Aim of the task – Each line from the one that holds "Teenage Wasteland - Teenage Wasteland" to the end of the records is to be retyped exactly. Pictures are not part of the copy.

Source information –
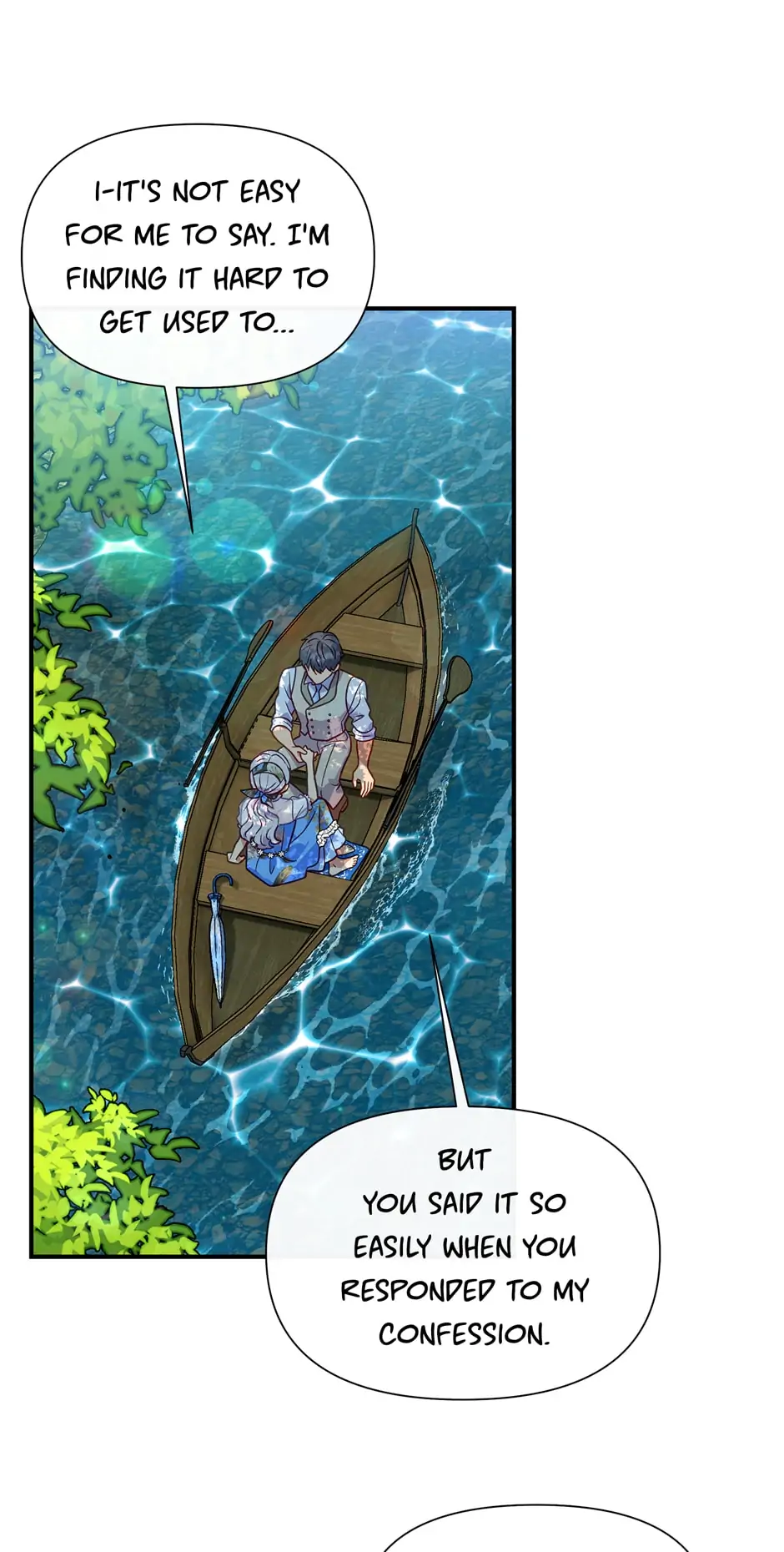 The Monstrous Duke's Adopted Daughter Chapter 135 page 26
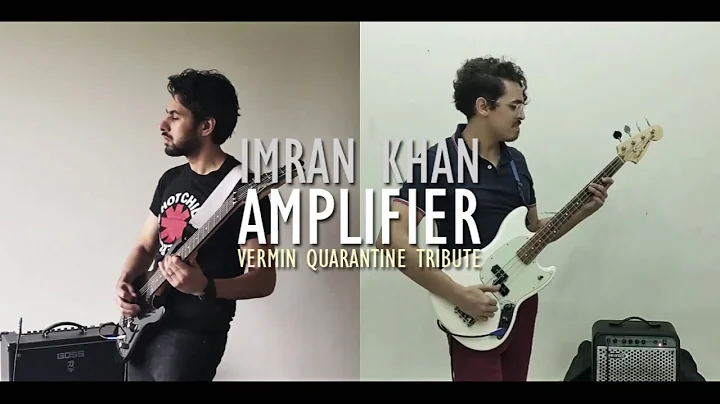 Amplifier - Imran Khan - METAL REMIX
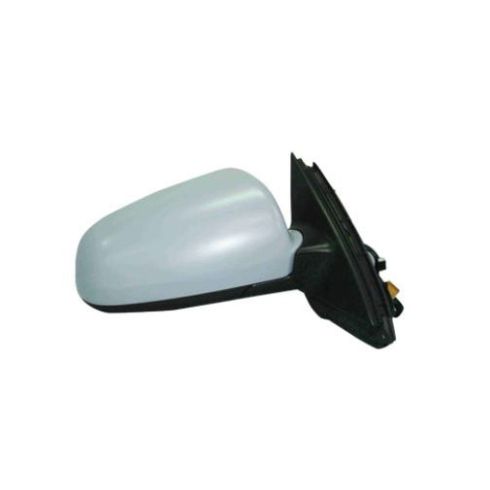 02-08 Audi A4 Power Heated (w/o Memory) PTM Mirror RH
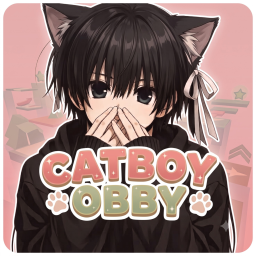 Catboy Obby 🐾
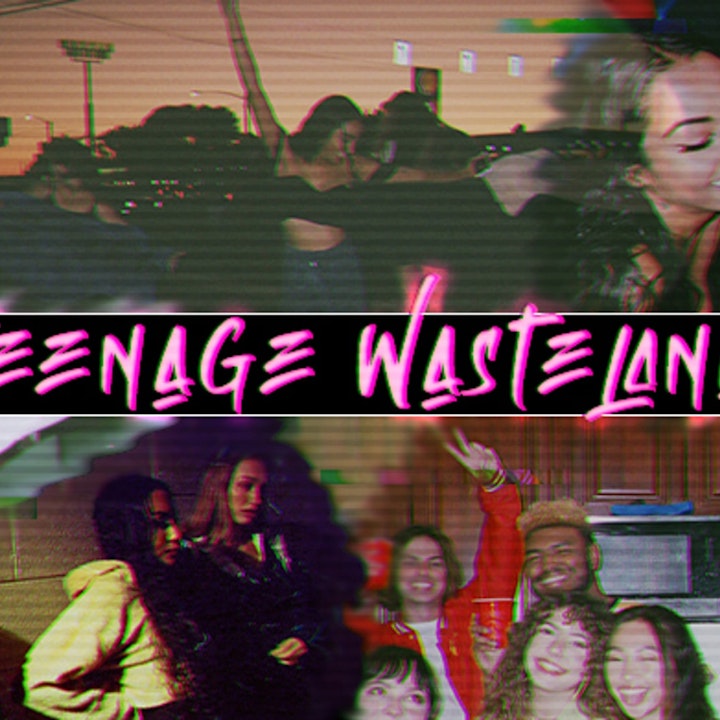 Teenage Wasteland - Teenage Wasteland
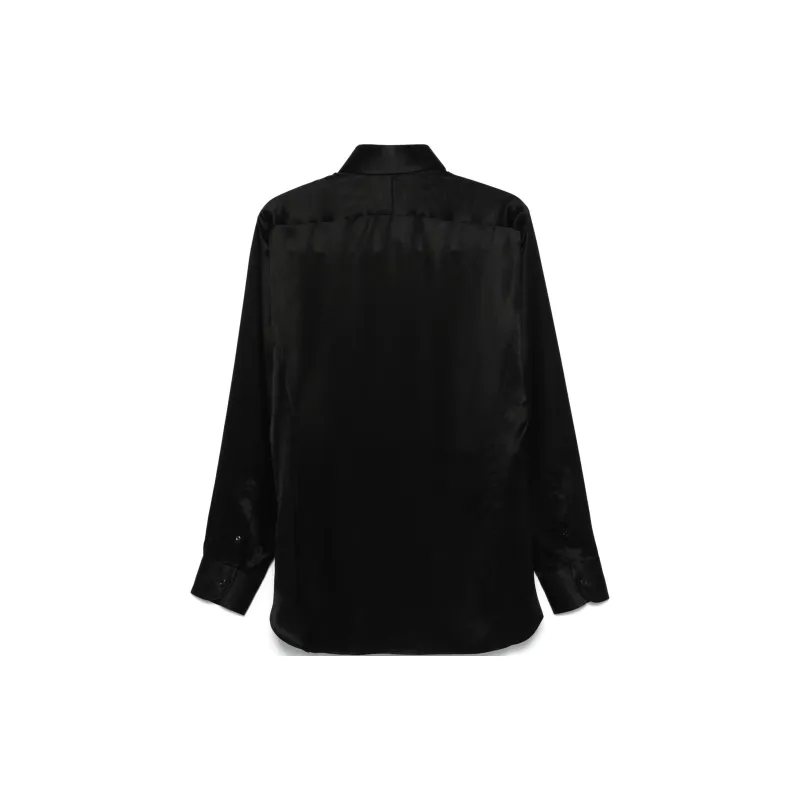 TOM FORD Silk Shirt-1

Your response –
 Teenage Wasteland - Teenage Wasteland
 TOM FORD Silk Shirt-1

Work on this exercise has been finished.